“ Ellerime sarılır beni bir gün unutacaksan bir gün bırakıp gideceksen boşuna yorma derdi boş yere mağaramdan çıkarma beni alışkanlıklarımı özellikle yalnızlığa alışkanlığımı kaybettirme boşuna tedirgin etme beni bu sefer geride bir şey bırakmadım tasımı tarağımı topladım geldim neyim var neyim yoksa ortaya döktüm beni bırakırsan sudan çıkmış balığa dönerim ” ( Oğuz Atay – Tutunamayanlar )
Oğuz Atay; efsane paragrafında yaşanması muhtemel olan her duyguyu barındırmış. Bu paragrafı farklı duygularla en az 48 kere okumuşumdur anlamak için. Tam olarak anladığım da söylenemez.
Unutma, gitme, tedirgin etme, bırakılma, terk edilme eylemleri hep birileri tarafından maruz bırakıldığımız ya da birilerini maruz bıraktığımız duygulardır. Bir başkası için terk edilir, bir başkası tarafından tedirgin ediliriz.

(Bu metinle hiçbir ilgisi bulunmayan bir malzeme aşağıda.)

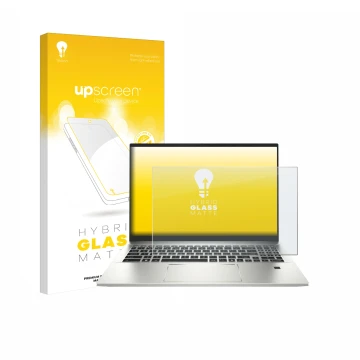 Parte frontal de un envase de producto con el logotipo de la marca upscreen. Al lado se muestra el dispositivo MSI Prestige A1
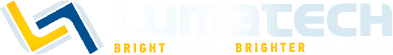Bright Tech logo with blue and yellow geometric mark and gold “BRIGHTER” text on white background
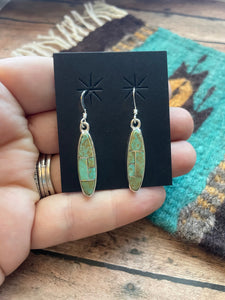 Navajo Number 8 Turquoise & Sterling Silver Inlay Dangle Earrings Signed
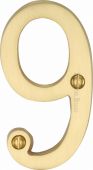C1560 9-SB Heritage Brass Numeral 9 Face Fix 76mm (3") Satin Brass Finish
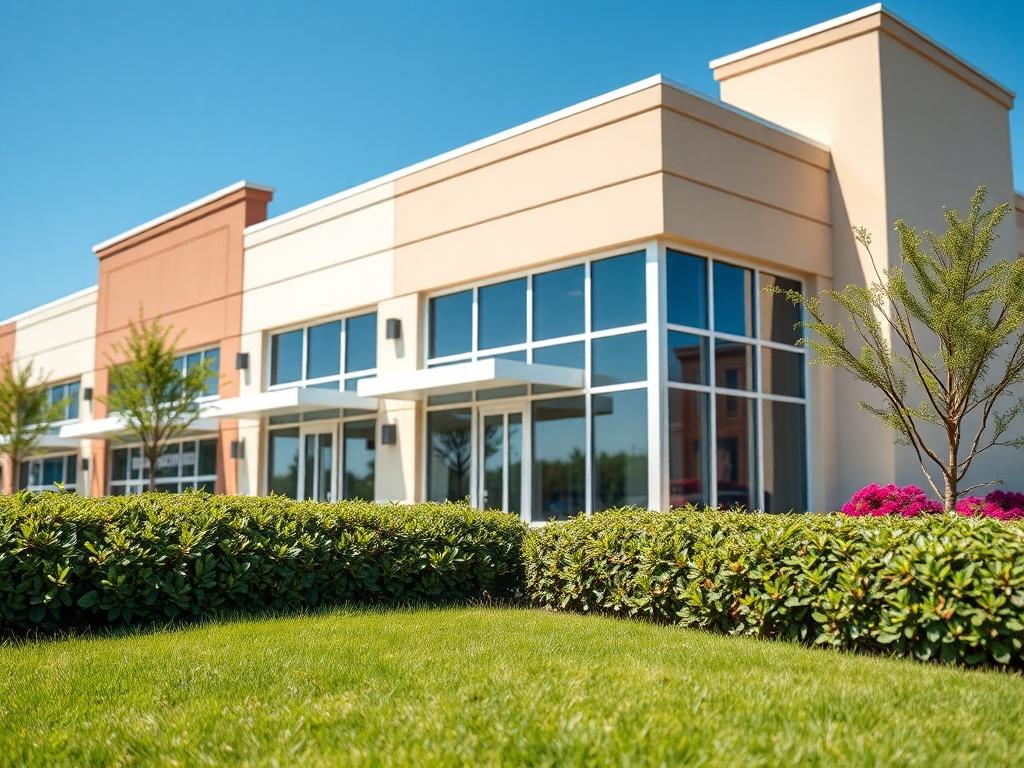 A hyper-realistic close-up of a refurbished commercial unit, showcasing modern design elements and vibrant landscaping. The image should highlight the building’s exterior with large windows and fresh paint, set against a clear blue sky. The foreground should include a lush green lawn with neatly trimmed hedges, emphasizing the unit's inviting appearance. The composition should be simple and clear, focusing solely on the building, captured with a 45mm f/1.2 lens for a striking depth of field.
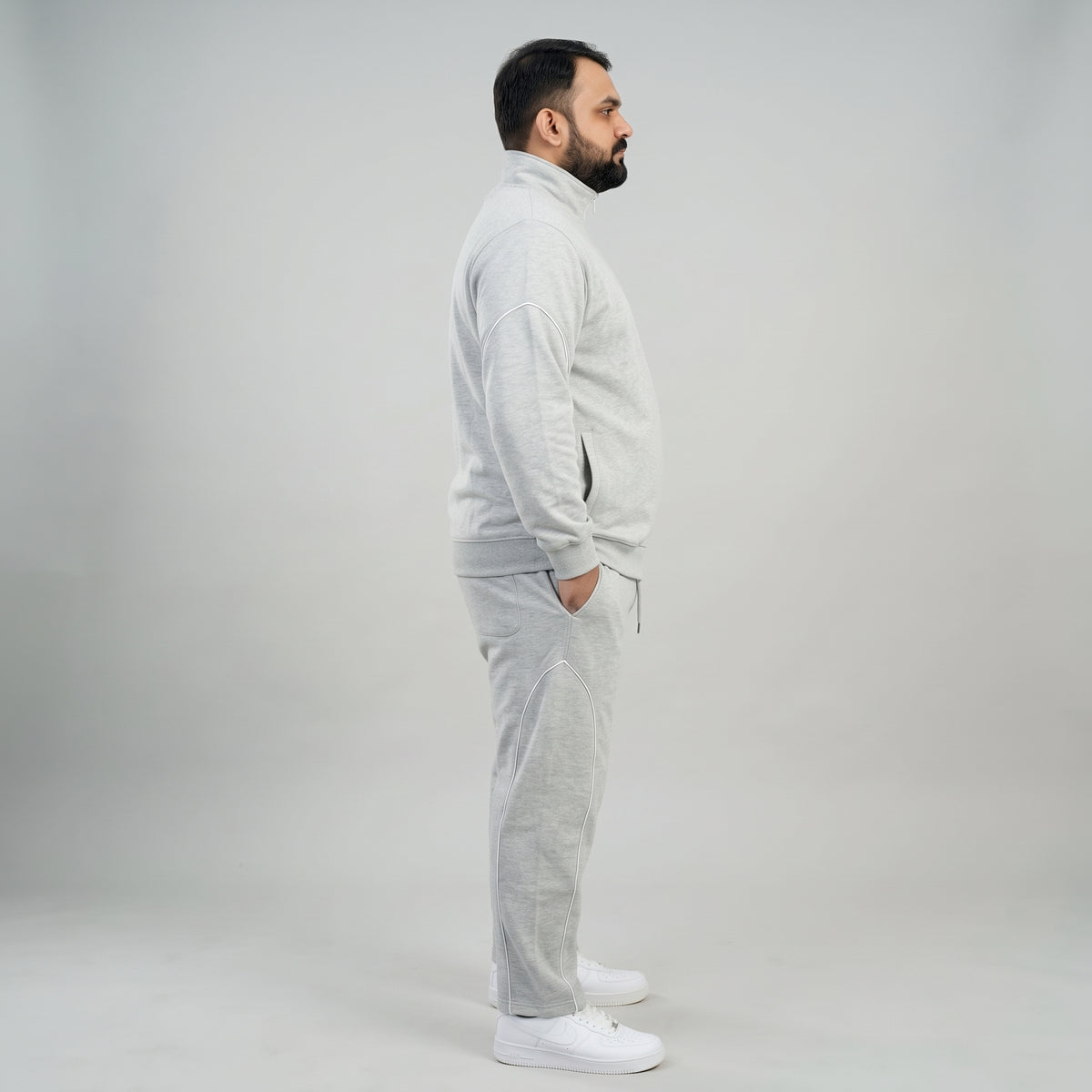 Light Grey & White Contrast Tracksuit Set for Men, Scuba Fabric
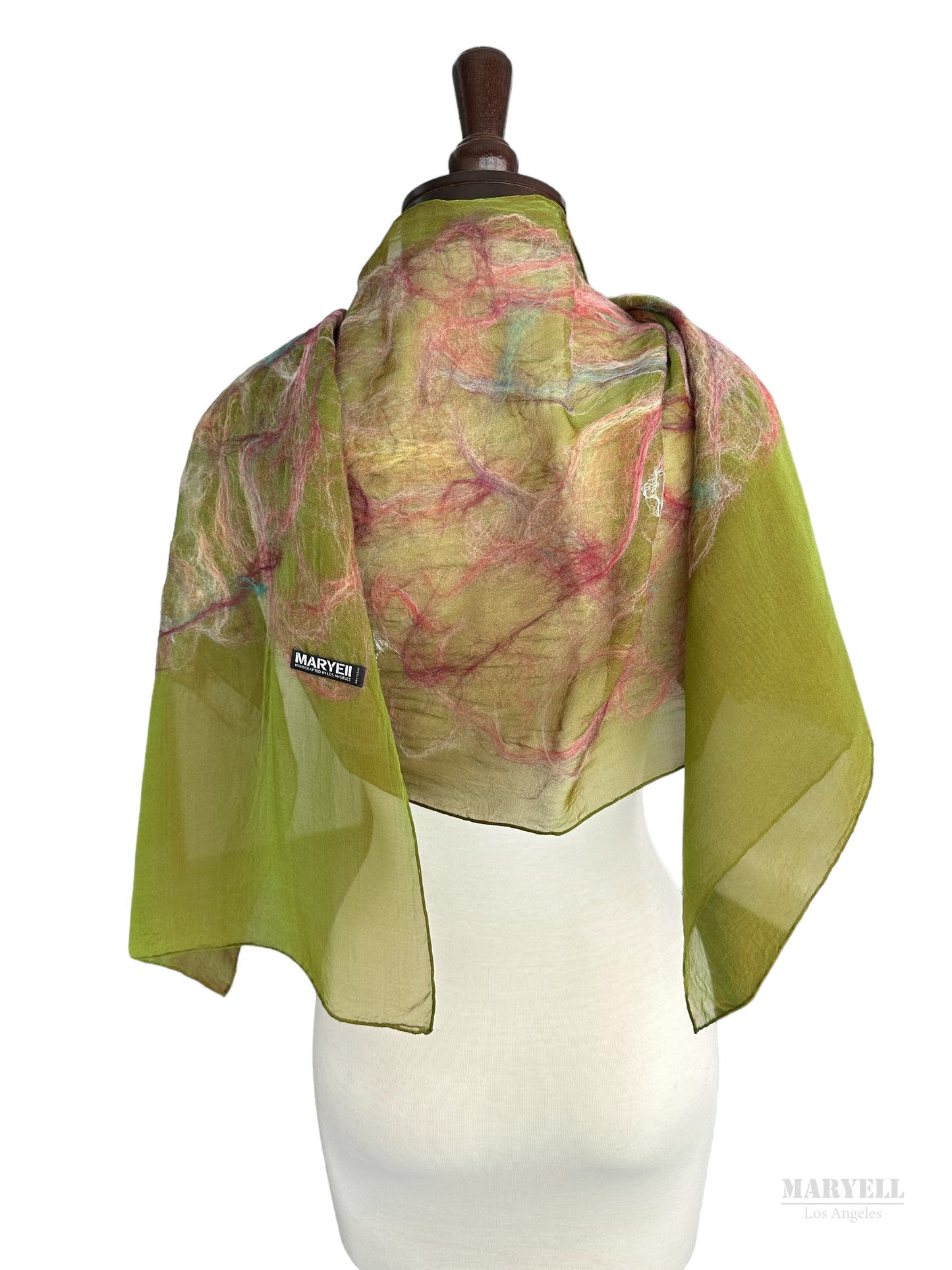 Olive Green Handcrafted Silk Scarf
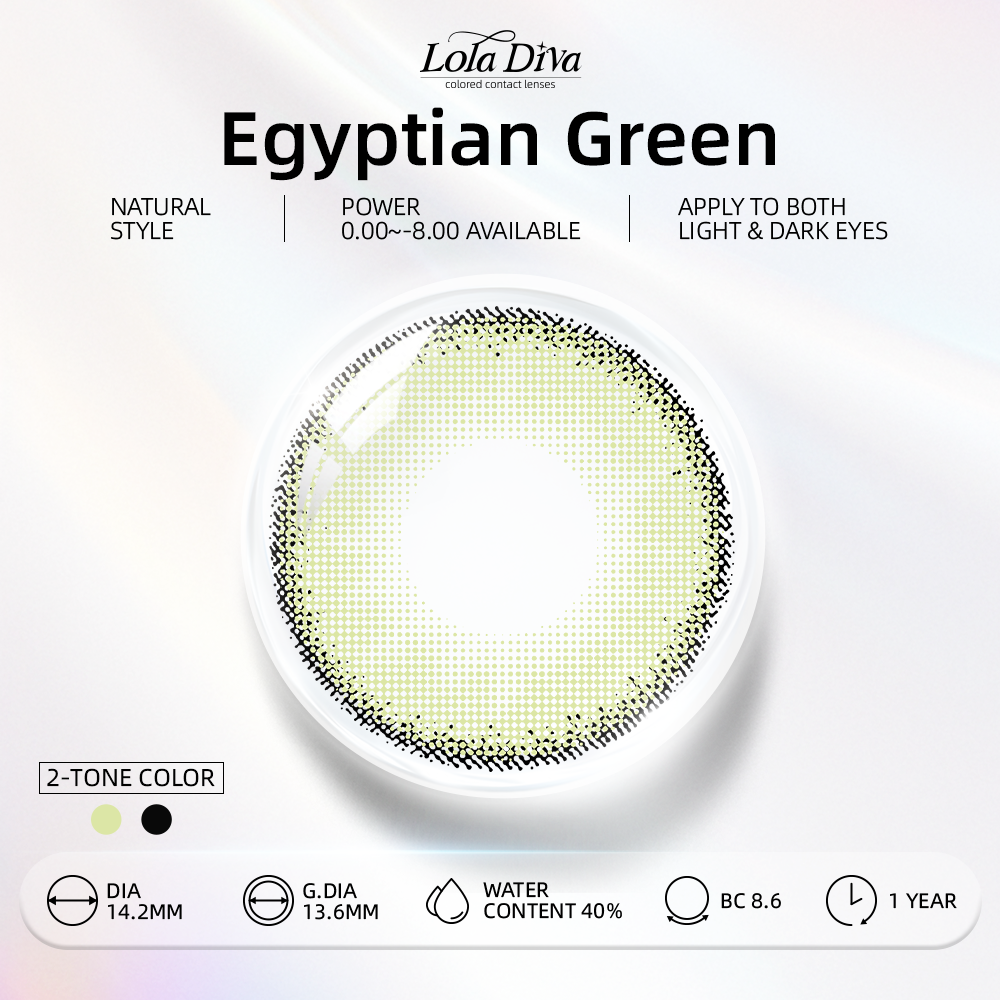 2pcs LolaDiva Egyptian Green | 1-Year Contact Lenses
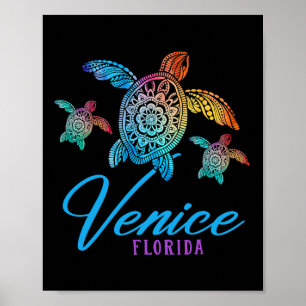 Poster Venice Beach Tie Dye Sea Turtle Flórida Família Va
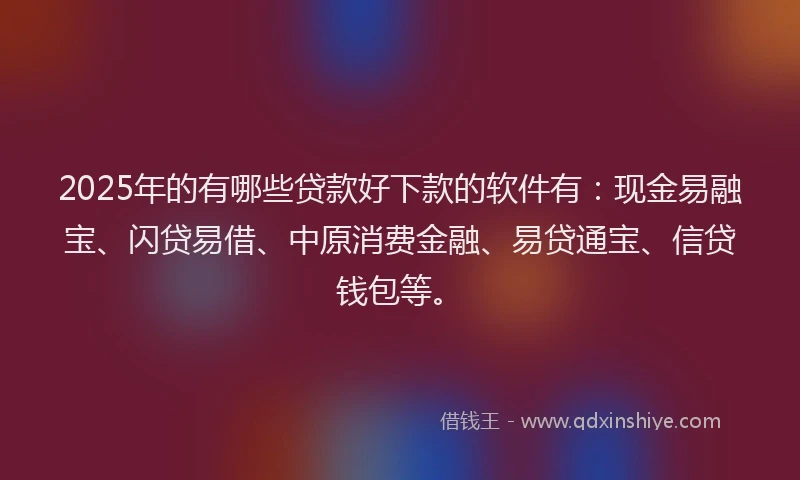 2025年的有哪些贷款好下款的软件有：现金易融宝、闪贷易借、中原消费金融、易贷通宝、信贷钱包等。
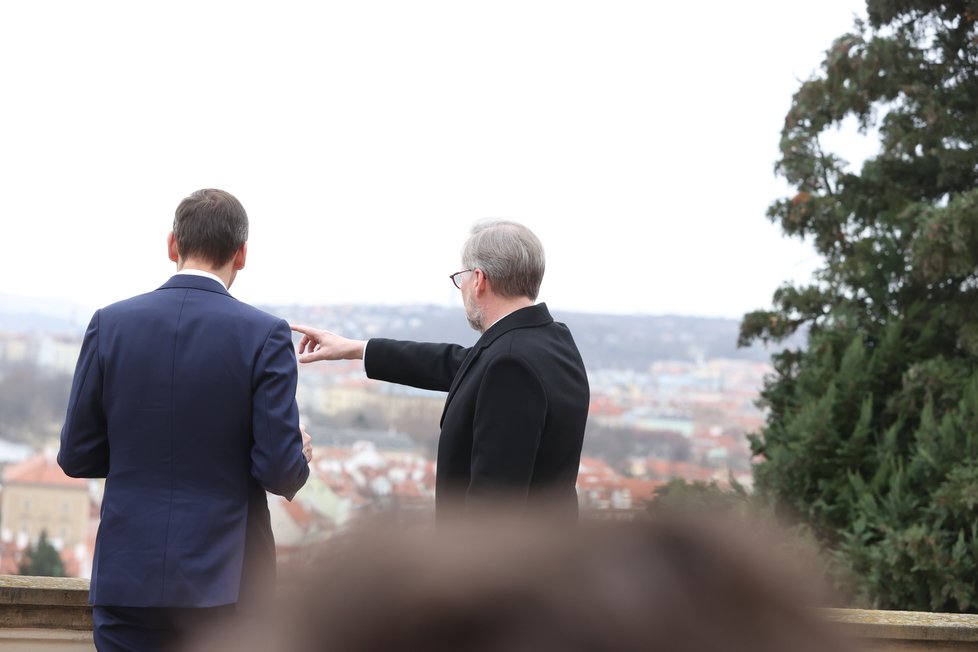 Český premiér Petr Fiala se svým polským protějškem Mateuszem Morawieckým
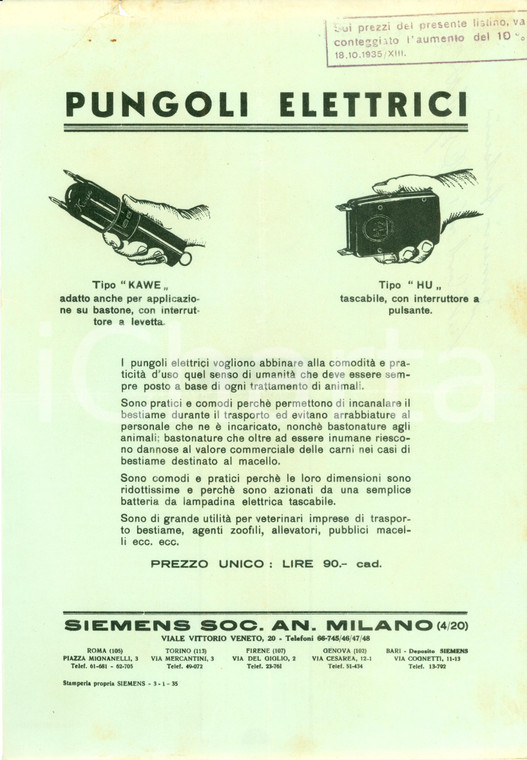 1935 MILANO Pungoli elettrici SIEMENS per guidare bestiame ILLUSTRATO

Aldatmadığımız zamanları fedakarlık olarak ifade eder, aldattığımızı söylediğimiz zamanları ise dürüstlük olarak nitelendiririz. Yaşadıklarımız olumlu olduğu zaman olumlu sonuçlardan bahsediyoruz, olumsuz olduğu zaman yine olumlu sonuçlardan bahsediyoruz. Biz hayat karşı hep işimize geldiği gibi davranıyoruz.
Hayatta bazı doğrular vardır, sürekli batıya giderek olduğumuz yere tekrar varacağımız gibi, Neşat Ertaş’ ın ölümü gibi, dünyamızın ekvatordan şişkin kutuplardan basık olması gibi, suyun kaldırma kuvveti, güneşin doğudan doğup – batıdan batması gibi . . . vb Terkedilişler, aldatılışlar, sevmeler, ağlamalar, sevişmeler, unutmalar, uğraşlar, yalanlar, sevinmeler, üzülmeler, gitmeler, kalmalar, hırslar, ihanetler, sadakatsizlikler ve birçok duygu, bir çok his hayata dairdir ve en az Neşet Ertaş’ın yokluğu kadar da gerçektir.
Ben bu yazı hakkında sayfalarca yazı yazabilirim ama siz zaten ilk paragrafta Oğuz Atay’ı okuduktan sonra ben ne yazsam eksik kalacak, iyisi mi siz tekrar okuyup kendi yazınızı yazın, belki size farklı duygular hissettiriyordur.